60 procent do 2024 r.: Shell spodziewa się szybkiego wzrostu popytu na LNG

Według Shell znaczący wzrost dostaw LNG nastąpi za sprawą największego eksportera, USA.
(Zdjęcie: picture alliance / Hans-Martin Issler)
Niemieckie terminale LNG są obecnie wykorzystywane w niewielkim stopniu. Mimo to brytyjska spółka naftowa Shell przewiduje znaczny wzrost popytu na skroplony gaz ziemny. Jednakże napięcia geopolityczne mogą spowolnić wzrost gospodarczy.
Brytyjski międzynarodowy koncern naftowy Shell przewiduje, że do 2040 roku popyt na skroplony gaz ziemny (LNG) wzrośnie o około 60 procent. Czynnikami napędzającymi ten proces są wzrost gospodarczy w Azji, upowszechnianie się energochłonnej sztucznej inteligencji (AI) oraz działania mające na celu redukcję emisji w ciężkim przemyśle i transporcie.

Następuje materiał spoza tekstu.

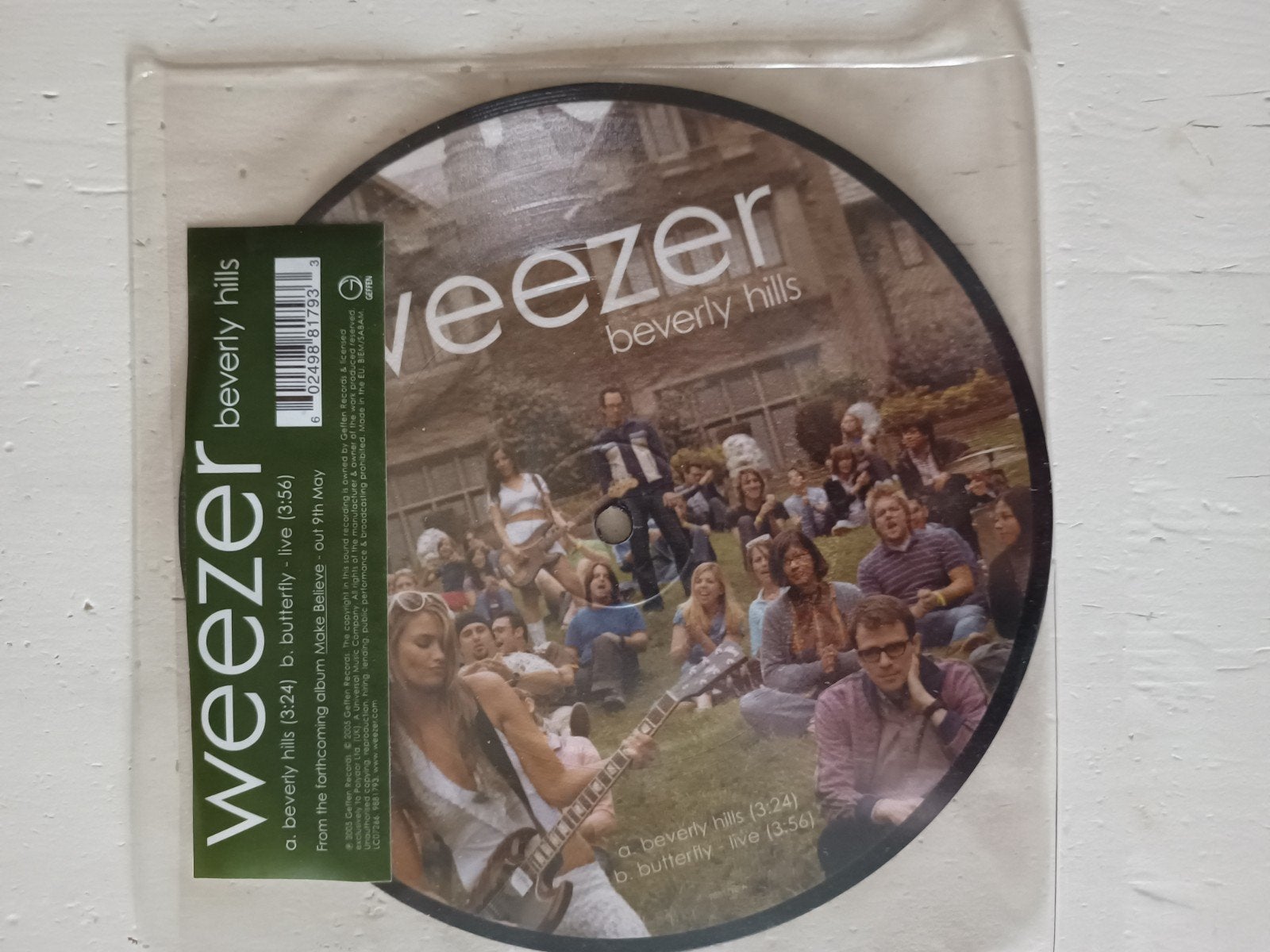 Weezer - Beverly Hills Picture Disc Vinyl Single, EP, Verzenden, 7 inch, EP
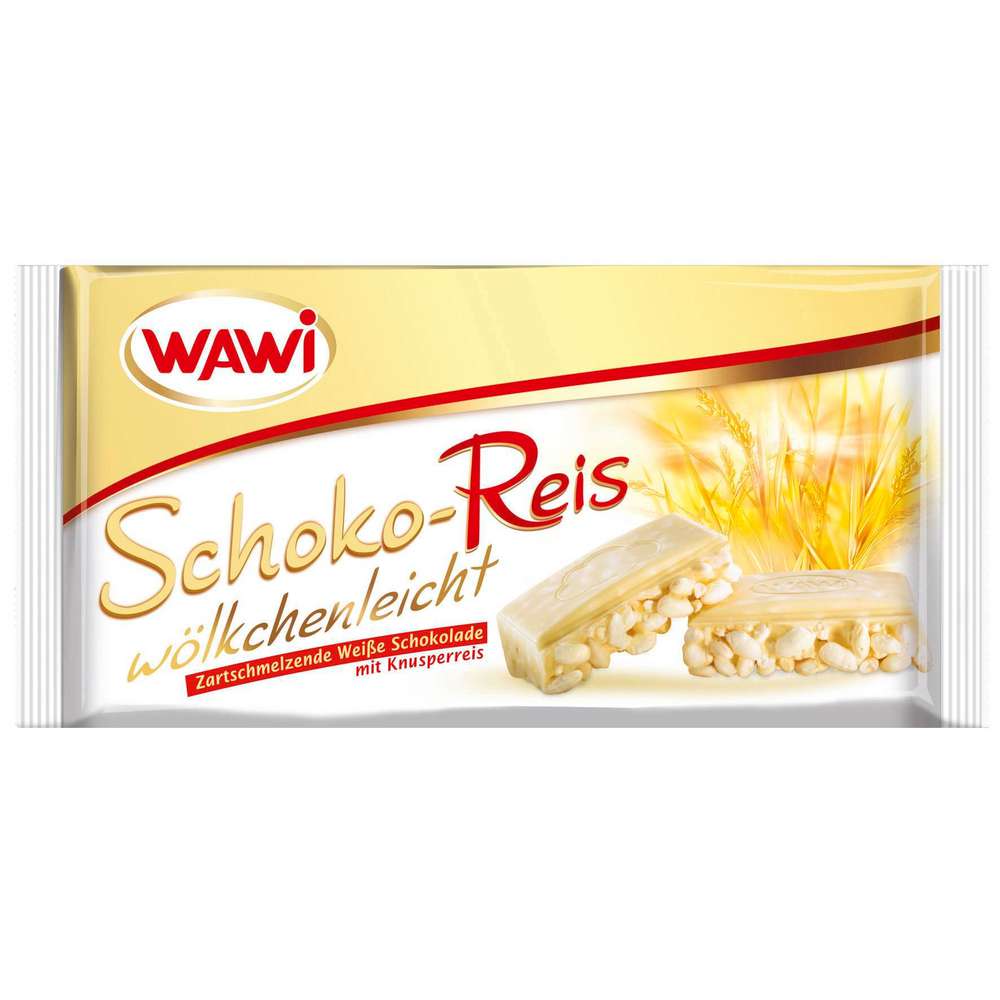 Produktabbildung Wawi Schoko-Reis, weiß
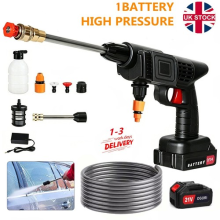 Cleaner Gun Cordless Portable Car High Pressure Washer Jet Water Wash Battery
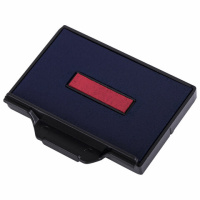 Штемпельная подушка прямоугольная Trodat для 5460/5465, сине-красная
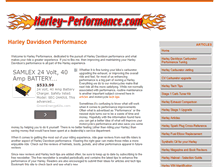 Tablet Screenshot of harley-performance.com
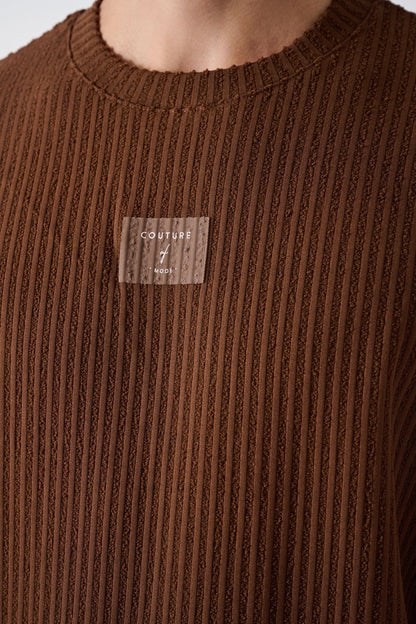 Modern Couture Patterned Oversized Knitwear Withinblack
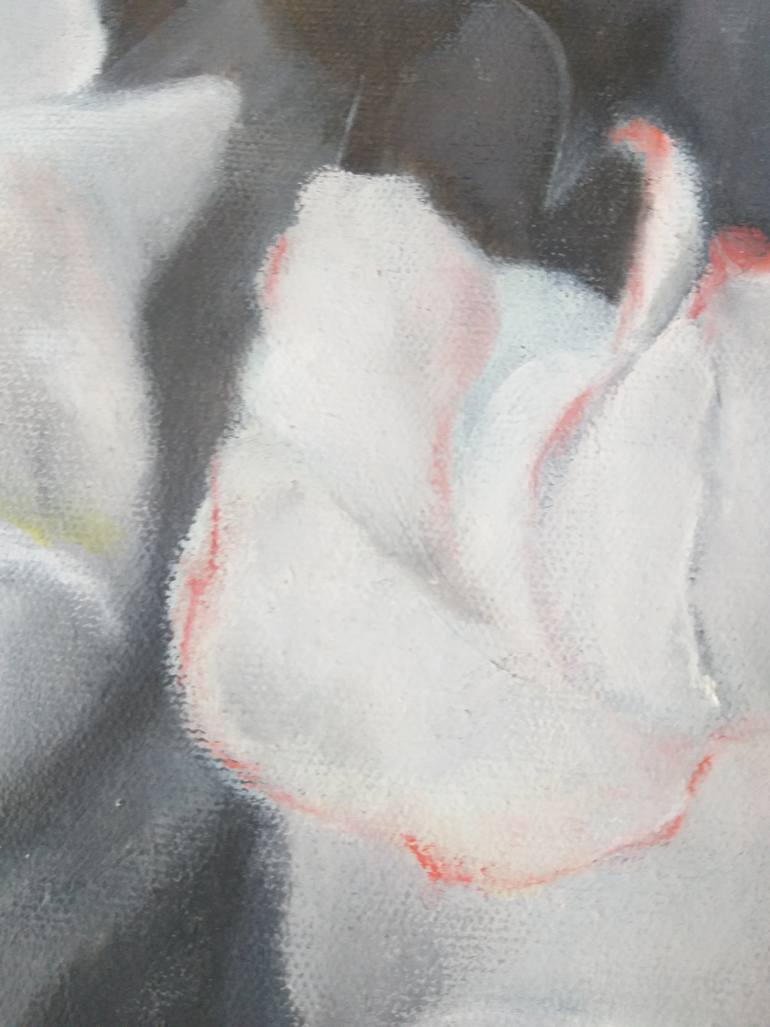 Original Art Deco Floral Painting by Elena Obo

„Zaktualizowane prognozy pokazują, że świat będzie potrzebował więcej gazu do wytwarzania energii, ogrzewania i chłodzenia, przemysłu i transportu, aby sprostać celom rozwojowym i dekarbonizacji” – powiedział dyrektor Shell Tom Summers podczas prezentacji rocznego raportu. Dostawy LNG ze Stanów Zjednoczonych, największego eksportera tego surowca, będą znacząco wzrastać. Do 2030 r. dostawy te mogą osiągnąć 180 mln ton rocznie, co będzie stanowiło jedną trzecią globalnej podaży.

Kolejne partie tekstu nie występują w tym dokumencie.